The SSH server additionally provides two further containers which are shared across all experiments:

  • postgresql - hosts the experiment databases

  • caddy - redirects HTTP requests to the appropriate experiment app. See Caddy server for more details.

When you deploy an experiment to the SSH server, a folder is created in the location ~/dallinger/your-app-name which contains a Docker compose configuration called docker-compose.yml. You can inspect this configuration file to learn about how the app is defined. When you SSH to this server, you can interact with this folder to gain entry to your application. For example, you can run the following code to gain SSH access to the web process of your app:

cd ~/dallinger/your-app-name
docker compose exec web /bin/bash

Within the same directory, you can run the following command to see live logs from your app:

docker compose logs

You can run the following command to view the status of all Docker containers currently running on the server, including containers from other apps:

docker ps

Once you are done with your experiment, you can export the data to your local computer using the following command, but run it on your local computer, not via your SSH terminal.

psynet export ssh --app your-app-name

For more information, see Exporting.

You can then tear down your app via the following command, again run on your local computer:

psynet destroy ssh --app your-app-name

Connecting to the database via SSH

It is possible to connect to the remote server’s PostgreSQL database via SSH. This requires a one-time setup where you connect your local database client to the remote server. We know that this is straightforward using Postico, a free database client for MacOS that we recommend for use with PsyNet.

Note

You can only connect to the database once you have deployed at least one experiment to the server, thereby initializing the PostgreSQL instance.

Before you can connect to the database, you need to find what internal IP address the database is running on.
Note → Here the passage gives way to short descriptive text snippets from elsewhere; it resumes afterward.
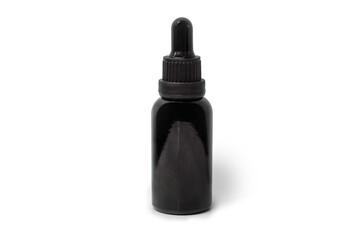 Black bottle of essential oil isolated on white background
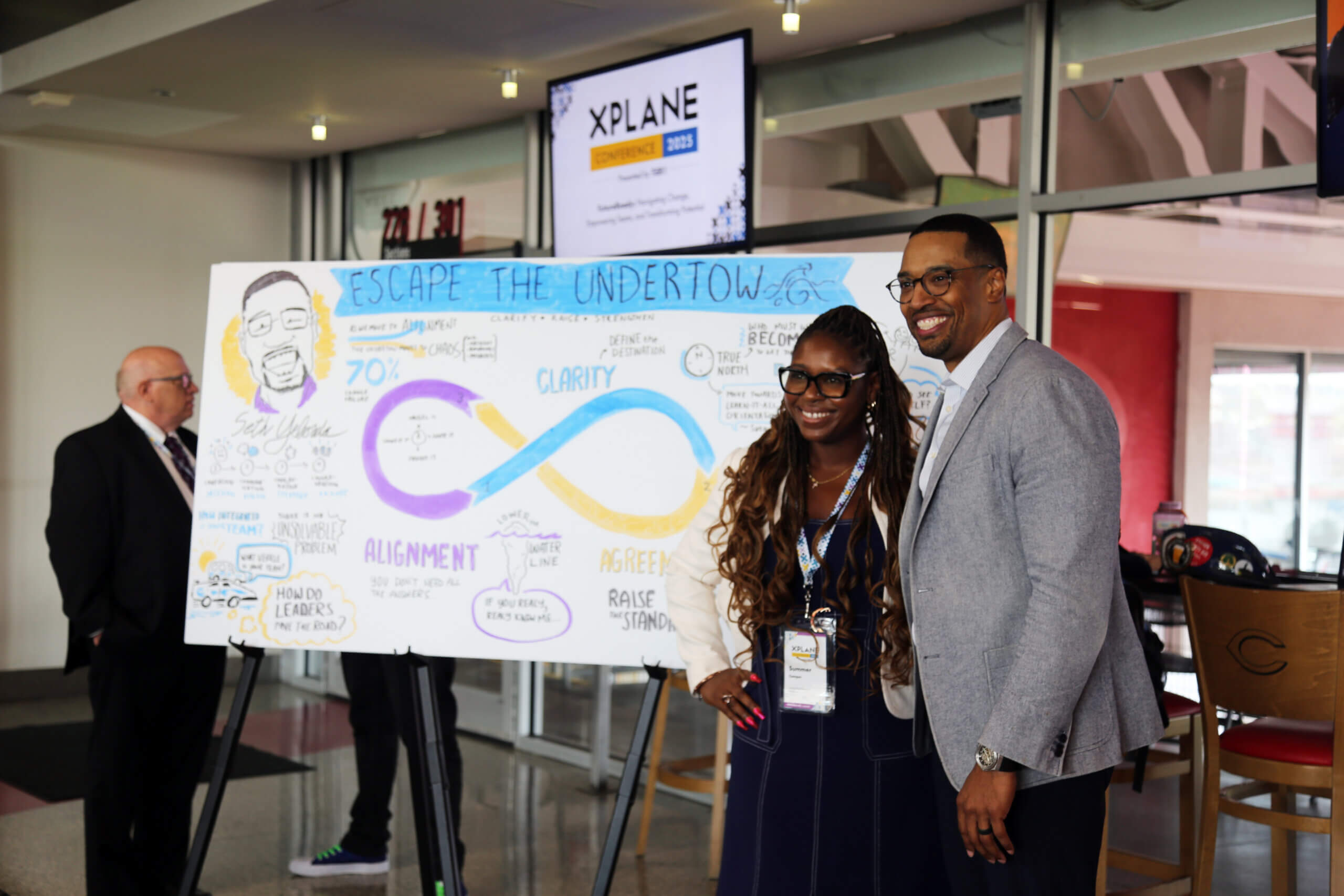 A man and a woman pose in front of a graphic facilitation depicting the man's keynote presentation.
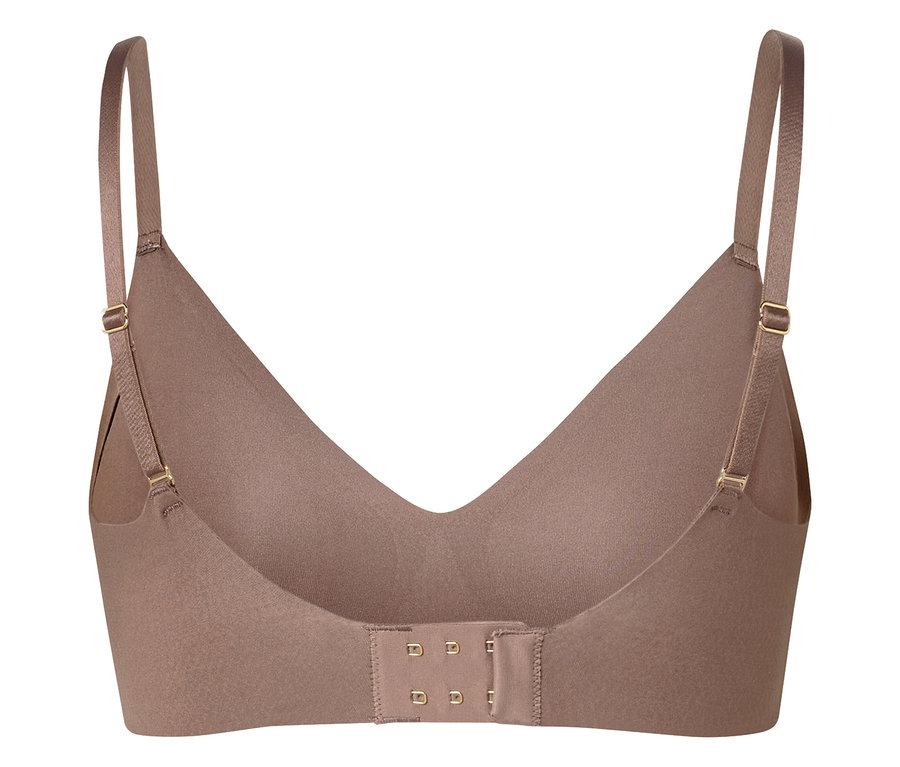 Egy bézs színű melltartó közeli képe, állítható pántokkal és hátul kapcsos rögzítéssel.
To do this, SSH to the server and run the following command:

docker inspect \
    -f '{{range.NetworkSettings.Networks}}{{.IPAddress}}{{end}}' dallinger-postgresql-1

Copy and paste the IP address that is returned.

Now, within Postico (or your alternative client), you should select the option to create a new connection, and then fill in the following details:

  • Host: the IP address you just copied

  • Port: 5432

  • User: dallinger

  • Password: dallinger

  • Tick ‘Connect via SSH tunnel’

  • SSH Host: the (external) IP address of your server, or its domain name

  • SSH User: your username on the server

  • Private key: the path to your private key (e.g. ~/.ssh/id_rsa)

You should now be able to connect to the PostgreSQL instance on the remote server. This should contain multiple databases, one for each experiment you have deployed.

Known issues

When many apps are deployed on the same server it is possible that certain apps eat up too many database connections. This can manifest as an error like this:

psycopg2.OperationalError: FATAL:  remaining connection slots are reserved for non-replication superuser connections

To check the current connections to the database, run this on the remote server:

cd ~/dallinger
docker compose exec postgresql /bin/bash
psql -U dallinger

select pid as process_id,
   usename as username,
   datname as database_name,
   client_addr as client_address,
   application_name,
   backend_start,
   state,
   state_change
from pg_stat_activity;

This will print a table of database connections. The number of rows is the number of database connections. The limit is by default 100; if you are close to 100, then you are close to trouble.

Normally you can (temporarily) resolve problems with the number of connections by restarting certain processes in an experiment. Restarting is fast and should not significantly impact on user experiences. To restart processes for a given app, run the following:

cd ~/dallinger/your-app-name
docker compose restart web
docker compose restart worker
docker compose restart clock

Warning

Sometimes we see SQLAlchemy errors as a result of running related commands, we’re not entirely sure when/why this happens. For now it’s worth avoiding restarting processes unless absolutely necessary. It’s good to test that your app still works after doing this.